Monday, October 31, 2011

Happy Halloween! Trick or Treating with Apple Cider Doughnuts in our bellies!

Halloween is so much fun with all the treats :) I'm not so big on the tricking but I do have a two year old so...I've been wanting to make doughnuts for a while and thought Apple Cider Doughnuts sound delicious. I also fried them! Which doesn't happen often. We don't have a dedicated deep fryer so it's just oil in a pan with a thermometer. When we fry something in this house then we see what other delicious things we can fry also. We don't want to waste the oil :). So, it's like the Texas state fair up in this house when we have oil in a pan with a thermometer. I'm walking around frying up mozzarella sticks, pickled jalapenos, actual pickles, frozen ice cream might be fun, or a hunk of rice krispie treat. We can't have an actual deep fryer around here because then I would eat so much fried food my stomach would hurt and it would just not be good for anyone. But, every once in a while my husband and I feel like fried deliciousness. So, this time it was doughnuts. We haven't managed to fry anything else yet but deep fried portobellos are on my list. I didn't make the frosting in this recipe. I simply rolled them in a cinnamon-sugar mixture which was really good also :)

Apple Cider Doughnuts

Ingredients
2 1/4 teaspoons active dry yeast
3/4 cup milk, at room temperature
1/4 cup apple cider, at room temperature
1/4 cup warm apple cider (about 110 degrees)
3 1/4 cups flour
4 tablespoons butter, at room temperature
3 egg yolks
2 tablespoons sugar
1 teaspoons salt

apple cider frosting
3 cup confectioners' sugar
1/4 cup butter, at room temperature
1/4 cup apple cider

canola oil for frying

Directions:

for the frosting:
Beat all ingredients together until a spreadable icing forms.

For the doughnuts:
In a small bowl, sprinkle the yeast over the warm cider in the bowl of a stand mixer or large mixing bowl. Let stand until foamy, about 5 minutes.

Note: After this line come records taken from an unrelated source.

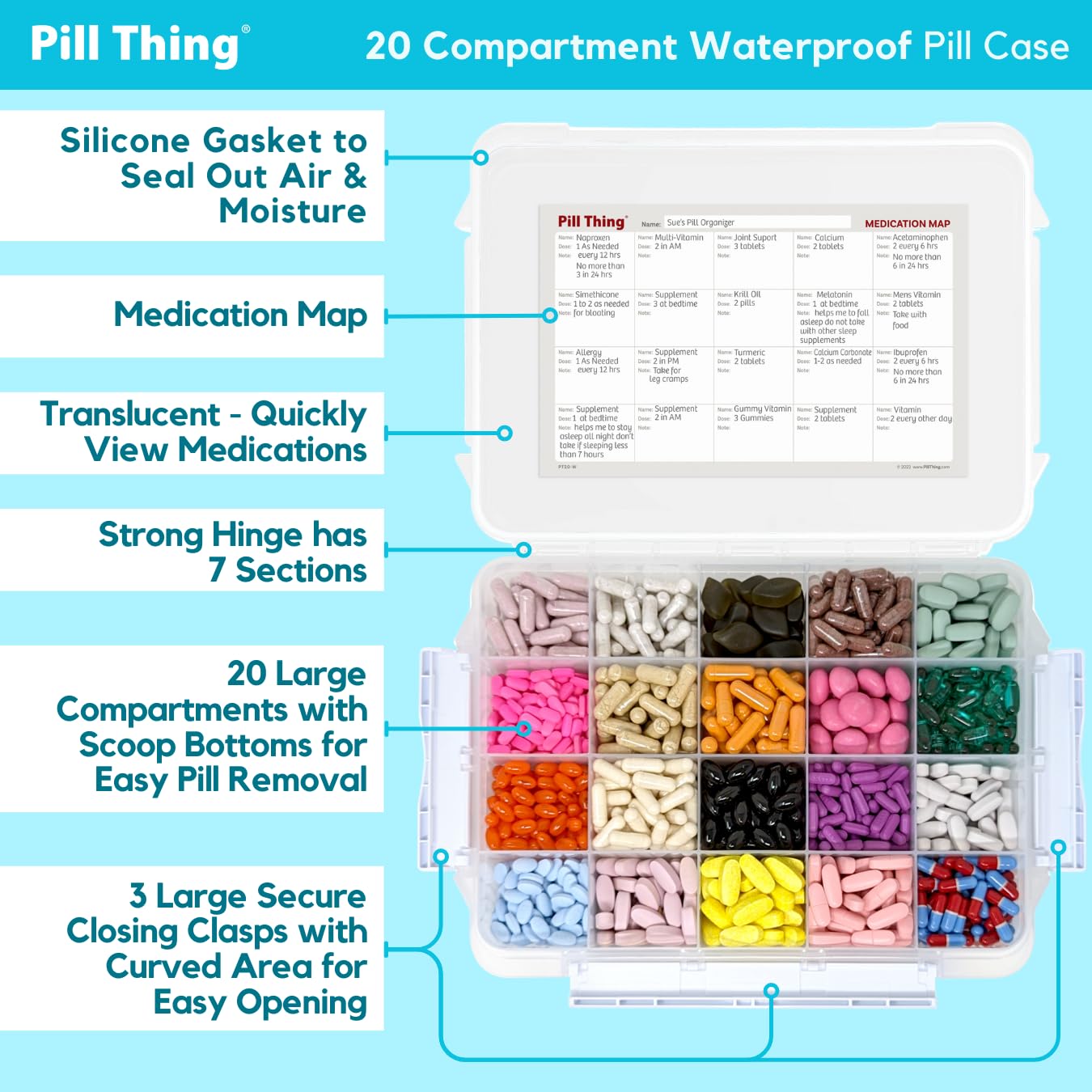 20 Compartment Large Pill Case with Airtight Seal - Silicone Gasket Waterproof Med Box with Medication Map (Clear, 1 Pack)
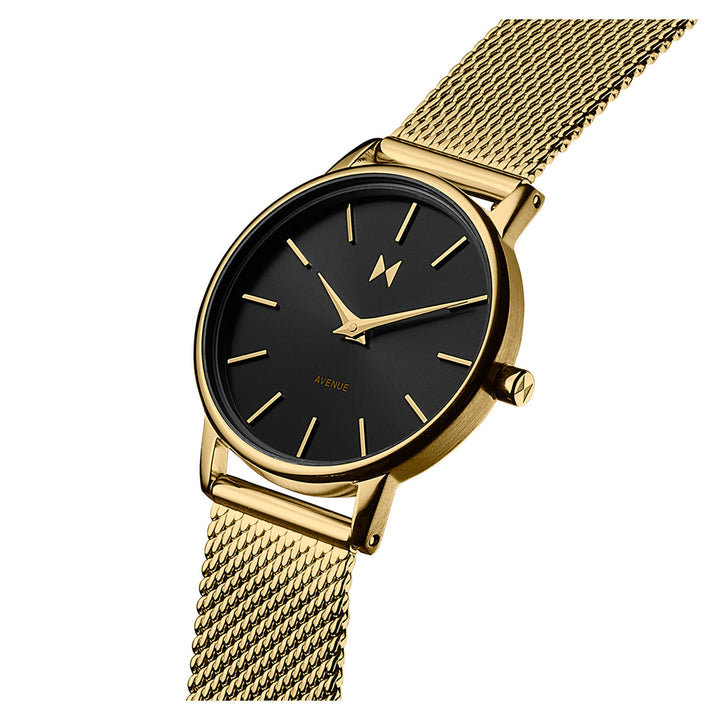 MVMT Avenue Gold Steel Black Dial Women's Slim Watch - 28000167D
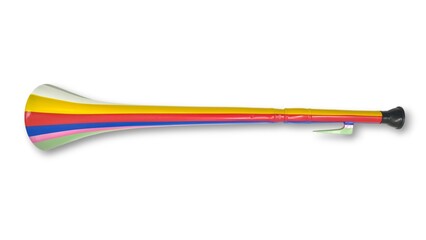 Top view of a multicolored plastic trombone, isolated on white background. The playful design and bright hues make it ideal for parties, costumes, or festive decorations.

Add the flour, remaining cider, milk, butter, egg yolks, sugar, and salt until you have a soft, elastic dough that comes together easily into a ball.

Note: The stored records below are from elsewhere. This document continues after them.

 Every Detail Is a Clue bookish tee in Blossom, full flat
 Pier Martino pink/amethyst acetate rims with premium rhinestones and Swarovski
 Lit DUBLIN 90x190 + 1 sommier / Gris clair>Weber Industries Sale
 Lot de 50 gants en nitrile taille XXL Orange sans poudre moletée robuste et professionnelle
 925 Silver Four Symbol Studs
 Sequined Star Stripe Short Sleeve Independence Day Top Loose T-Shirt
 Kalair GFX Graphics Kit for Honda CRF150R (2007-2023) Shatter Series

Place the dough in a greased bowl and cover with a tea towel or plastic wrap. Let the dough rise until it has doubled in bulk, about 1 1/2 hours.
Flour a clean work surface. Place the dough on the surface and roll it out. Roll until it is about 1/2 thick. Cut out doughnut shapes. Do not reroll to dough.
Place them on a parchment or silipat lined cookie sheet, cover again with the tea towel and let them rise 15-30 minutes. They should look puffy but don't need to have doubled.
Meanwhile, heat (to 350) about 3 inchs of oil in a heavy pot. Fry the doughnuts (2 or 3 at a time works well) flipping at least once to insure that they are golden brown on all sides, about 2 minutes.
Drain on paper towel lined plates or baking pans. Repeat for remaining doughnuts. Frost cooled doughnuts if desired. Eat the same day they are made.